Really. Its been nearly two weeks since i came in to this physical and mental prison. Since then, the only feeling i have felt is wither extreme pain or numbness. Well, there are no extreme numbness as numbness is.. Well, numb.
It all started with five tubes, then down to four(not a very pleasant eperience getting there), then down to one. Currently, there are no tubes, unless you count the "head"(or watever it was called... Butterfly needle i think it was called) stuck in my left hand. It took those pea brains seven tries to get a friggin needle in my veins. Stupid houseman. A more senior doctor came in scowling n had it done with one try. Wait, he wasnt even trying, he just put it in n shrugged off.
The first few days are the worst and one of the best. Bsc the anaestetic was still in effect so u wont feel much. After the second day, all hell breaks lose. U regain some sense only to have them choke with pain. Every organ which have pain receptors on it is hysterical with pain. Tats the best description i can provide. I can only sleep in the afternoon and evening bsc the noise around drowns out some of the pain. At night, i feel very tired and my eye lids are as heavy as lead but i cant shun the pain away. To make things worse, those bitch of a nurses slept on duty so i cant gt help as i cant speak.
The firstweek is hell. Usually, the pain die down abit through the night, only to have them renewed in the morning as they started pulling out tubes almost every morning. Pulling the tubes out really hurt. The first tube hurt the most bsc of the location. The second and third bsc it was inside my gums when it was removed. The rest is less painful. Maybe its bsc i hv lost my sense of pain by then that pain doesnt register anymore.
The subsequent days are more peaceful since there are no more tubes to pull n no more wires to tighten. I fill my days by reading. A LOT of reading. Newspapers, books, magazine you name it. Even advertisements and fire extinguisher instructions lol.. Yes, i was that bored. Armed with nothing but a cellphone, i hv sucessfuly bugged a few person in my phonebook out of boredom. HAHAHAHAHAH... And i only get to online when mom came over with her ipad or iphone which i take full use of the dataplan. But the online world seemed to b less interesting since then.. Think its bsc im not at my own pc where i am more familliar with microsoft or linux based OSes.. Oh btw, i HATE iOS... I just hate them for being so... Annoying. I am NOT going to buy any of apple's product in the near or far future.

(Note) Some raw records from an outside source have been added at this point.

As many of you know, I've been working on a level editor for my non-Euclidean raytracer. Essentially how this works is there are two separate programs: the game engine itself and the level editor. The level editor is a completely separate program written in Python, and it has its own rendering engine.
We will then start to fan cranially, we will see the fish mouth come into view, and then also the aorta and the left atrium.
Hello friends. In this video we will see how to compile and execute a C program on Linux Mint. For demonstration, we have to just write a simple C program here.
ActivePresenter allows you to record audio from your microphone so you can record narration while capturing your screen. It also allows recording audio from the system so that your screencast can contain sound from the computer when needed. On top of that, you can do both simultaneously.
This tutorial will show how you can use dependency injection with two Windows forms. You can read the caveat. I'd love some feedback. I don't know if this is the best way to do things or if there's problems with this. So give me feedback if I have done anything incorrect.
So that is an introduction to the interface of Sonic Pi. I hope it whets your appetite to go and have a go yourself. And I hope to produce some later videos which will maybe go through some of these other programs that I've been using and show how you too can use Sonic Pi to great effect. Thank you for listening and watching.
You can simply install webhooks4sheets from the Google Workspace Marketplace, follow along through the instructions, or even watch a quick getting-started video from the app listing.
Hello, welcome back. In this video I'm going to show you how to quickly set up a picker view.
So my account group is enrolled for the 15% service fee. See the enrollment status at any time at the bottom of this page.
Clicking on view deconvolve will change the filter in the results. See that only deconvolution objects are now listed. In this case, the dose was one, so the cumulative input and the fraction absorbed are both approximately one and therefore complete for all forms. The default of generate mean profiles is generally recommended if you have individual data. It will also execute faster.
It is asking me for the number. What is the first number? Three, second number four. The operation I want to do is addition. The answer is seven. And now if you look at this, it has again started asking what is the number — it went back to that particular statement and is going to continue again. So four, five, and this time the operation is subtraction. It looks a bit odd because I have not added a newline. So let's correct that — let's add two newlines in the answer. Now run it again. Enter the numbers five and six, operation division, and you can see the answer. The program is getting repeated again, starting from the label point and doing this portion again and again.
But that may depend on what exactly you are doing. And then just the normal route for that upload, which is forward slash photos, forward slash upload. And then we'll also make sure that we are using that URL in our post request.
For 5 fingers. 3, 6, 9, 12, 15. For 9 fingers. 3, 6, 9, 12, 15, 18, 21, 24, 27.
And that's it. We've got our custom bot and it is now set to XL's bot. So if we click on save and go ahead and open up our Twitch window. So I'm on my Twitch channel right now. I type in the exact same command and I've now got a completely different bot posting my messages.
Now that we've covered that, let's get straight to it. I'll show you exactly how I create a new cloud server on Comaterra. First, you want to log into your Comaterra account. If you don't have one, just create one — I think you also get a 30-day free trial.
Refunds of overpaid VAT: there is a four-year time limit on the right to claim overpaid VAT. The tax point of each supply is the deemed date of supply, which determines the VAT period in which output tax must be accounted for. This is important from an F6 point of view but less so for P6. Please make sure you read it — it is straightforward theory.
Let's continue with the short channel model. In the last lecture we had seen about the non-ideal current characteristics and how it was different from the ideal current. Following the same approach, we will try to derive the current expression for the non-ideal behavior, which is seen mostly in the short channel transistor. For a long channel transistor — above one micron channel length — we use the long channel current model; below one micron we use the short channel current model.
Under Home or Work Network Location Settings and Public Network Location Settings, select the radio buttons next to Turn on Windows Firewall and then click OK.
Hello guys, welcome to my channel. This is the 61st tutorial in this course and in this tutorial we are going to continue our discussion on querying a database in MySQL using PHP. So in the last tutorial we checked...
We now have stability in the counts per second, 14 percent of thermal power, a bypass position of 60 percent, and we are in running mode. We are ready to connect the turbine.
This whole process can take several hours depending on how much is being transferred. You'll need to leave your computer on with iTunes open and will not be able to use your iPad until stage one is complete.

To be honest, i missed the outside world. I missed... People, person. i missed the food, i missed the feel of good company, i missed cycling around the taman with my sis or just the tickle fight... Bah, i just want to get out. I want to get out, to own those petty noobs in ava. I wanna go experiment with linux as i have previously devoted my late nights doing. I want to studyalong with my frens back at inti. I want to video call the person i could not let go of. There is just SO much things i wanted to do back in the outside world. I want to drive, i want to go meet people i hv not met for months, i want to go to bed bsc i am physically tired instead of bsc its late, i want.... To just get out of here.
Tmr would mark the end of the second week i am caged in ts place. I hv been following rules and directions by the letter for hope of faster recovery. I avoided things that i could do but the doctor didnt recommend. Mom didnt agree to this as she kept wanting to do MORE and challenge the doctor's recommendation. Always with all her suppliments and fancy stuff. She would hv brought a juice maker here if i didnt stop her. Today she bought some i dont know wat the heck supplements and orders me to take them. Says will heal better la, no worries la, surely no problems with doctors la(she did NOT consulted ANY doctor) and all her stupid excuse. I object, she gets mad. She just doesnt or incapable of understanding that if any of those clashed with current medication or what what, I AM SCREWED!!! And the last thing i want is to get hospitalized a second longer or bed ridden or worse, DEAD. Always with extra stuff to make others life worse. And im not the only one who knew this, dad was furious on multiple occasions bsc of mom likes to hiao.
I dont know what to think. Its just, i really really really wanna get outta here. To those who are willing to spend the time, money and effort to visit, i am very grateful to yall. U guys make my stay just that much better.
Haiz.. I am grumbling and ranting. Well, life is never fair, why try eh? No worries, i'll do fine. Off to read Brisingr, my all time favorite.. Cheerio!